Firstly put a large pot of water on to boil add a teaspoon of salt to the water.

Roughly chop the bacon and dice up the partridge, finely chop the garlic and shallot, finely grate the Parmesan into a bowl, crack and beat the eggs into a bowl with the cream and a good few twists of fresh black pepper add in most of the cheese to the beaten eggs keeping a small amount back for sprinkling over the meal at the end.

Heat the butter in a large frying pan or wok, once melted add in the bacon. 

If you are using dried pasta put the pasta on now. ( if using fresh wait ).

Once the bacon has started to show signs of getting a little colour add in the partridge.

When the partridge is nearly cooked turn down the heat and add in the finely chopped garlic and shallot stirring often to stop the garlic from burning.

If your using fresh pasta put it on now. It’s also time to call people to the table as the dish will come together quickly now.

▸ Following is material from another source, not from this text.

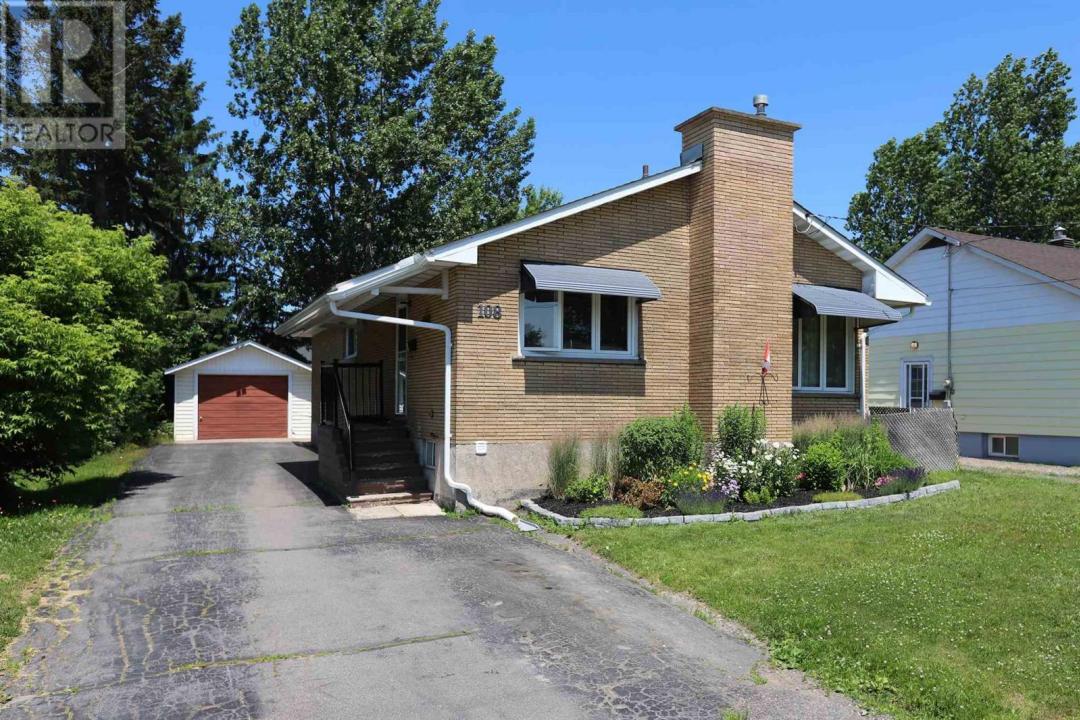108 SMALE AVE, Sault Ste. Marie, Ontario P6B 1S5, Canadá
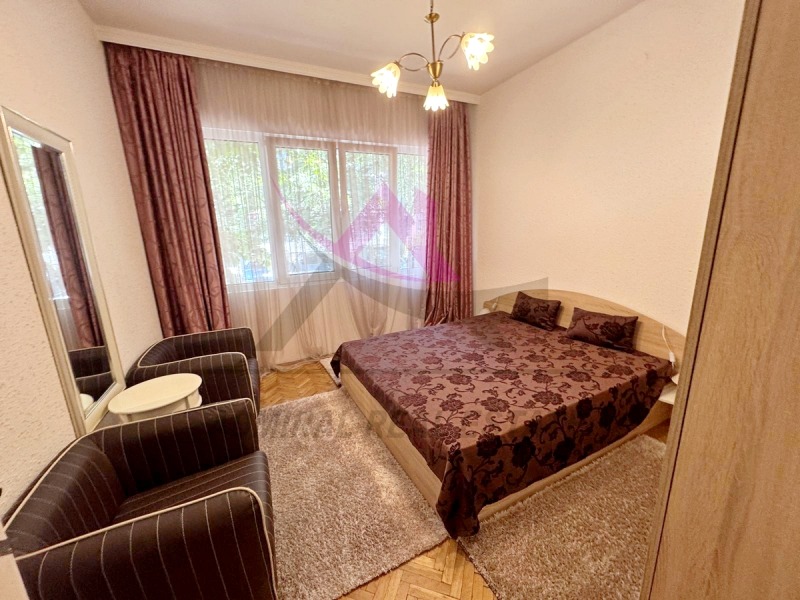 K pronájmu  1 ložnice Varna , Centar , 70 m2 | 66638151 - obraz [3]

Remove the pan with the meat from the heat and add the pasta with tongs straight to it don’t worry if a little pasta water goes in the pan (you want this to happen, and don’t discard the pasta water yet either).

Add in the egg mixture and and with the tongs lift up the pasta to combine everything together, witch will thicken very quickly (if it gets too thick then add in a little pasta water to loosen).

Plate up immediately using the tongs/carving fork/chopsticks to twist the pasta incorporating the meat and sauce.

Finish with the remaining Parmesan some finely chopped chives and chilli and a drizzle of olive oil (optional).